Sun's sequel to Niagara, the appropriately named Niagara2, is going
to be released before long (I hear sometime in April or June), so Sun
gave a good talk on the chip and described it in some detail. Here's an
information dump for the microprocessor geeks in the audience.
Niagara2 sports 8 SPARC cores, all of which are connected to 4MB of
shared L2 cache by a large crossbar switch. Each core is capable of
eight-way simultaneous multithreading, giving each Niagra2 chip a total
of 64 simultaneous threads of execution. All of this thread-processing
power enables Niagra2 to double its predecessor's throughput and
performance/watt.
Sun also claims a 10X improvement in floating-point performance over Niagara.
Each SPARC core has a 16K instruction cache and an 8K data cache.
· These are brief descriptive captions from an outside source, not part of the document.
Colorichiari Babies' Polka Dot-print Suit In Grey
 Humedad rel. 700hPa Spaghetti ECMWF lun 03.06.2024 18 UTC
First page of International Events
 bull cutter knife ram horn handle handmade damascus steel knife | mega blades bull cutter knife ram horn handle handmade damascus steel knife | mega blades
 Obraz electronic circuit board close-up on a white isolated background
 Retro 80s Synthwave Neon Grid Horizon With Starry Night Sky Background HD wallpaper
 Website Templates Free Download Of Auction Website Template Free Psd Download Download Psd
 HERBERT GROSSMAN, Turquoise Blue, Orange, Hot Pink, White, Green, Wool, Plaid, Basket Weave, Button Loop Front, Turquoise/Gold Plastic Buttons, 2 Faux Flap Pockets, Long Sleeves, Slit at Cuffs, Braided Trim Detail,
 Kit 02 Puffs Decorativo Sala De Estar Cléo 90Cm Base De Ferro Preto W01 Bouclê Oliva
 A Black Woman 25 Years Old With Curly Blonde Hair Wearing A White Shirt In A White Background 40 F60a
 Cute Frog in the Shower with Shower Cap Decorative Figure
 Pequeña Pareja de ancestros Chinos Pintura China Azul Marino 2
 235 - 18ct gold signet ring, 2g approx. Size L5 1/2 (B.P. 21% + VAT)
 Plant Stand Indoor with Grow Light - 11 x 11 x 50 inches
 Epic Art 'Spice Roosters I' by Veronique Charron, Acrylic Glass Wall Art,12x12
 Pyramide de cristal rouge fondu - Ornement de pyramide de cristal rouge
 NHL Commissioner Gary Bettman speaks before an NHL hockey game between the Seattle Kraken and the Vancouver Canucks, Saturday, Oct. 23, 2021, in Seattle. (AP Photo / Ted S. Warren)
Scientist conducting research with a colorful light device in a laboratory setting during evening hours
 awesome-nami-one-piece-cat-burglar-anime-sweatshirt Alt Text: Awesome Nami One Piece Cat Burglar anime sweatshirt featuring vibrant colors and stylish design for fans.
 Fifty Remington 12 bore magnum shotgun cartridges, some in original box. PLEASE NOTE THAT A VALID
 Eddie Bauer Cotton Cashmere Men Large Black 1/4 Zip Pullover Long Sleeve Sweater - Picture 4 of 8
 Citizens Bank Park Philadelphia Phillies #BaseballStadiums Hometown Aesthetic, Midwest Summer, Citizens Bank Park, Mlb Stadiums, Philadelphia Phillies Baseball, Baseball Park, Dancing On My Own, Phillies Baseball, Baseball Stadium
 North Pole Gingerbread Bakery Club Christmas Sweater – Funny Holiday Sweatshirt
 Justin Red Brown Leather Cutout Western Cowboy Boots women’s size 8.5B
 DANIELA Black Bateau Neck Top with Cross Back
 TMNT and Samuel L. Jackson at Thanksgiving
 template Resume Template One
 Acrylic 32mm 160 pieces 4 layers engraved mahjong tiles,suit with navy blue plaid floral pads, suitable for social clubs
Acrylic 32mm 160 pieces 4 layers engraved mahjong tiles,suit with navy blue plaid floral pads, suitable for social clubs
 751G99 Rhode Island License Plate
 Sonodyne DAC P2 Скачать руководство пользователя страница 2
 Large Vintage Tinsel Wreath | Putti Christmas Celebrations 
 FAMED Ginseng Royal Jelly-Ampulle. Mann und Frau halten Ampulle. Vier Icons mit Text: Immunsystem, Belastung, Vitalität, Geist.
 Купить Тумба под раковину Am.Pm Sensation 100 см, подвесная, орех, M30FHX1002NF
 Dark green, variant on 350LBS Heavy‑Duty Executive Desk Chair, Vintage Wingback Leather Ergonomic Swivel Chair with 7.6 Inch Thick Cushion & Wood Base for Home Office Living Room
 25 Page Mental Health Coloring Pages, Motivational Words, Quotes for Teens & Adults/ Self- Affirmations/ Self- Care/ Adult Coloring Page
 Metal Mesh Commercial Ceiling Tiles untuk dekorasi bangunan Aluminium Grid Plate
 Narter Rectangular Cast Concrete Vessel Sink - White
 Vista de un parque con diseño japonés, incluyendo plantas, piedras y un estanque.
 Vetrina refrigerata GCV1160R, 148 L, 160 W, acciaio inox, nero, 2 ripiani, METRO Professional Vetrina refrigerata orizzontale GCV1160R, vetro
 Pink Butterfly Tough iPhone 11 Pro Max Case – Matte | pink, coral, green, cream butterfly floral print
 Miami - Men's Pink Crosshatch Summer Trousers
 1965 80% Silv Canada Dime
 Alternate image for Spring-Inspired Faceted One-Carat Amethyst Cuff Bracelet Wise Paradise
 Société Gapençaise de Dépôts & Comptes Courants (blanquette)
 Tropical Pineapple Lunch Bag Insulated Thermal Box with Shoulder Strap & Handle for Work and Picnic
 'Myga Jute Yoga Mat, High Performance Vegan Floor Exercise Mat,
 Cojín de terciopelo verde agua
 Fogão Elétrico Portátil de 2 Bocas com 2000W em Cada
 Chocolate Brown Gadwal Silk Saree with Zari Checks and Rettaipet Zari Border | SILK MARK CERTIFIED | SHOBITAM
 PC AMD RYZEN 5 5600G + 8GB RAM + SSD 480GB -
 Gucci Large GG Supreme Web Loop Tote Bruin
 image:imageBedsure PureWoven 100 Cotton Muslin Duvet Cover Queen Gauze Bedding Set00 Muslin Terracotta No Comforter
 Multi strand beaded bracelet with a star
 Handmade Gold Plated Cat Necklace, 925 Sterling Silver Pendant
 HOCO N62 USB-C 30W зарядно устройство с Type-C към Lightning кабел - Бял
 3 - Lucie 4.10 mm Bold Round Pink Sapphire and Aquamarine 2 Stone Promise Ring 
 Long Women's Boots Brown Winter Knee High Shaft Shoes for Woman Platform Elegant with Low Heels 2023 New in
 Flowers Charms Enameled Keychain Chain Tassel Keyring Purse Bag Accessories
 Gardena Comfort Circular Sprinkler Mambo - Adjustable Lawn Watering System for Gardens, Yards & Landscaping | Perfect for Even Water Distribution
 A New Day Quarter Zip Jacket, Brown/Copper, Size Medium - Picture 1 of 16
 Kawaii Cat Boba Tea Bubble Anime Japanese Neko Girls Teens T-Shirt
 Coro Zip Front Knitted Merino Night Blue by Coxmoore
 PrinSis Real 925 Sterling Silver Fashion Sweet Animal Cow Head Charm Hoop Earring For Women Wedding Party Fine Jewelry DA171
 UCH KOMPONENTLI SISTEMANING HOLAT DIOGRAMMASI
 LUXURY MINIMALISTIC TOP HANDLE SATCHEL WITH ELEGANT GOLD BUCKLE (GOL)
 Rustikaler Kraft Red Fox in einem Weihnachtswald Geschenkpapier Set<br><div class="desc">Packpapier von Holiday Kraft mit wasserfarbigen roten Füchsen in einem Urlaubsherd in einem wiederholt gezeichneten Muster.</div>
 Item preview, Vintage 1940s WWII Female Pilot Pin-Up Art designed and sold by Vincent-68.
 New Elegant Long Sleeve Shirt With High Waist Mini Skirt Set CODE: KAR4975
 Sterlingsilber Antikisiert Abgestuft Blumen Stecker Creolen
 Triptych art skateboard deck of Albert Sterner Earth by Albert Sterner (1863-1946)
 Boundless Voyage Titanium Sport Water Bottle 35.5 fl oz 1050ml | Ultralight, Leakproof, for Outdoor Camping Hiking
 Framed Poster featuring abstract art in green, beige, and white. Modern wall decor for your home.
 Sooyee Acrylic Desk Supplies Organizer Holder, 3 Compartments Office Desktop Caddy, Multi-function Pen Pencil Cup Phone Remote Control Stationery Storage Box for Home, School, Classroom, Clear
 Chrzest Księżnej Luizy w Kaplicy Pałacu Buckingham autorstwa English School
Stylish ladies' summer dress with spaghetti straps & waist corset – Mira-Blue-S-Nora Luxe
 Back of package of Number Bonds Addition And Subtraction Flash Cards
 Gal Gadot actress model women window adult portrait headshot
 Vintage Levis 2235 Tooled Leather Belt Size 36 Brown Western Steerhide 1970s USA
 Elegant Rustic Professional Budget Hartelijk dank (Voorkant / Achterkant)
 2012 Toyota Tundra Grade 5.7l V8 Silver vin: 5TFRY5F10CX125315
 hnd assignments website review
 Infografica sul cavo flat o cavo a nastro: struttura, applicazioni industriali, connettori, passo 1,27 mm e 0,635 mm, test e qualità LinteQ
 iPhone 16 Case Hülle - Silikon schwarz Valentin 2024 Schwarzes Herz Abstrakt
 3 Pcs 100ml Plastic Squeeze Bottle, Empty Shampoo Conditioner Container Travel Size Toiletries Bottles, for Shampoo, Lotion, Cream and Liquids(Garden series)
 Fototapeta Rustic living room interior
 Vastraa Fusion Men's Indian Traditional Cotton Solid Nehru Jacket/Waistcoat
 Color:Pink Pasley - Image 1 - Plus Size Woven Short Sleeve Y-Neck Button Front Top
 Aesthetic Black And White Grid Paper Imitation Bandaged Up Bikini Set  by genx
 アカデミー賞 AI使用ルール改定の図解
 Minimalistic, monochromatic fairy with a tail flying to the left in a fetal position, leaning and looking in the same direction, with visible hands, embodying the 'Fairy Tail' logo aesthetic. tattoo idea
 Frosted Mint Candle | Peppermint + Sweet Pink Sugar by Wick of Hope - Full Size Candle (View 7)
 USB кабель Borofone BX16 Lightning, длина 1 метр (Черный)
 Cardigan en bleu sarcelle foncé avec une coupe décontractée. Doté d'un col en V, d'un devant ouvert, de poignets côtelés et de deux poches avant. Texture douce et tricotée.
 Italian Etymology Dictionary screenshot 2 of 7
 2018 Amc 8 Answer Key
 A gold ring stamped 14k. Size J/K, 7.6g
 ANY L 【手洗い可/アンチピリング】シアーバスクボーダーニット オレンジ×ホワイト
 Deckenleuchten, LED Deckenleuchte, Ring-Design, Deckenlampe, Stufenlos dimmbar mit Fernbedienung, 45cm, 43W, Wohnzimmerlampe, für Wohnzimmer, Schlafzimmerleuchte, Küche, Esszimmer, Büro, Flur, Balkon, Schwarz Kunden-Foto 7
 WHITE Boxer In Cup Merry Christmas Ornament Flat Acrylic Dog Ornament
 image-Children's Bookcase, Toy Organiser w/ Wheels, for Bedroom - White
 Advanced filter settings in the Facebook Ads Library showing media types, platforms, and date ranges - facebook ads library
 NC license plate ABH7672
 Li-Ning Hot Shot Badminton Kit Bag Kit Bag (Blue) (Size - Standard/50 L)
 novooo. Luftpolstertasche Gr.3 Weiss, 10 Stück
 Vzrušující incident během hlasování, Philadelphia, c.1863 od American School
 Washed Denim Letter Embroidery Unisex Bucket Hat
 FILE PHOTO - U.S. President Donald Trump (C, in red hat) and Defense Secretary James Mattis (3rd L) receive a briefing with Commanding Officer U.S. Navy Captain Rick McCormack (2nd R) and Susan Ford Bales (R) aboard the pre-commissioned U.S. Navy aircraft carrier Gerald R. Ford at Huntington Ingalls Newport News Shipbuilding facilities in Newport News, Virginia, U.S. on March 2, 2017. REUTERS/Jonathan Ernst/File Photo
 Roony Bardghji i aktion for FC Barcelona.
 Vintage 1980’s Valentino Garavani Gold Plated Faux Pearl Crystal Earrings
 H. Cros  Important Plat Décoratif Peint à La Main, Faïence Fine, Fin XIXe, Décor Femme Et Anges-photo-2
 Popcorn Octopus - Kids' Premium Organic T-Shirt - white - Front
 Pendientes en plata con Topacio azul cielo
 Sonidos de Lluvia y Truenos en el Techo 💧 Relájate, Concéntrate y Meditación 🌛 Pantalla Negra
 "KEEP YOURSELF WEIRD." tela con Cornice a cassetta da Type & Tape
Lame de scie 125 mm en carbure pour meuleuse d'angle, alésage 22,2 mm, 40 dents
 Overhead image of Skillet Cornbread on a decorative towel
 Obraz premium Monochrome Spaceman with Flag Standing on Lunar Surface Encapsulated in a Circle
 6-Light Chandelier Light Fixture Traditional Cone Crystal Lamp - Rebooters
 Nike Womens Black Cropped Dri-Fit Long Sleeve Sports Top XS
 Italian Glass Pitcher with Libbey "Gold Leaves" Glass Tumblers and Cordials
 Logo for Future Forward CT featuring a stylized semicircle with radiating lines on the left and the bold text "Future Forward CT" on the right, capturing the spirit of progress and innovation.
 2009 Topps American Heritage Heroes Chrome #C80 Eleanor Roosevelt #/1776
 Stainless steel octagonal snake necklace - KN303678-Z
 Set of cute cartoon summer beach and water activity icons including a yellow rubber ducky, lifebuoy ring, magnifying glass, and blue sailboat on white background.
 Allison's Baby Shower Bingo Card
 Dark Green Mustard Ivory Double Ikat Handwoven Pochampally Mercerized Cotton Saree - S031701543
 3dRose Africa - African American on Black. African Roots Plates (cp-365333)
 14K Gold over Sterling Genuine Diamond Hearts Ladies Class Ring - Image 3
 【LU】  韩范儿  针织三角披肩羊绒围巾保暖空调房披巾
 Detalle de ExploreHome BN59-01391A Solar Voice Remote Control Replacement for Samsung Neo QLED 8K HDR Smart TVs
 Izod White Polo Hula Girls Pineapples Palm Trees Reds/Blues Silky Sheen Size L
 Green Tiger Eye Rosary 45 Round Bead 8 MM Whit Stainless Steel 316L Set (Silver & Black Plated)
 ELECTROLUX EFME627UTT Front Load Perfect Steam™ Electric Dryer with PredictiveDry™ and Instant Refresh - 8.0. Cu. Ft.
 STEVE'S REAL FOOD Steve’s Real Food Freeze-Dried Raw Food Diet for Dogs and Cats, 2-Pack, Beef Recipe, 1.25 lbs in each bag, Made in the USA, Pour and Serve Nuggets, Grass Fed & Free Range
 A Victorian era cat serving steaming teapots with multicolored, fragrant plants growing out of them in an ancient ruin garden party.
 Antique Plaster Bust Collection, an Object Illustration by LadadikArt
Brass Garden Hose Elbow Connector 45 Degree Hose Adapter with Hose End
The core's front end fetches 4 instructions per cycle and feeds them
into a back end that consists of the following functional units:
- 1 Load-Store unit
- 2 Integer units
- 1 Floating-point unit
- 1 Cryptographic unit (the "SPU" in Sun's block diagrams)
The two integer units have an 8-stage pipeline with a 3-cycle load-use
latency. The floating-point unit has a 12-stage pipeline (even longer
for division and square root), with a 6-cycle latency for dependant
floating-point operations.
The crypto unit contains a random number generator, and can natively
suppport a number of popular encryption algorithms and hash functions
(RC4, AES, DES, 3DES, SHA-1, and SHA-256). Sun claims that all eight of
these SPUs can be ganged together to provide enough horsepower to run
both of the system's 10 gigabit Ethernet ports fully encrypted at wire
speed.
Speaking of the GigE ports, Niagra2 is an SoC design that sports the
aforementioned two Ethernet ports, an x8 PCIe port, and four
dual-channel FBDIMM controllers.
The 342mm2, 503 million-transistor Niagara2 is fabricated on a 65nm process, and dissipates 84W when running at 1.4GHz.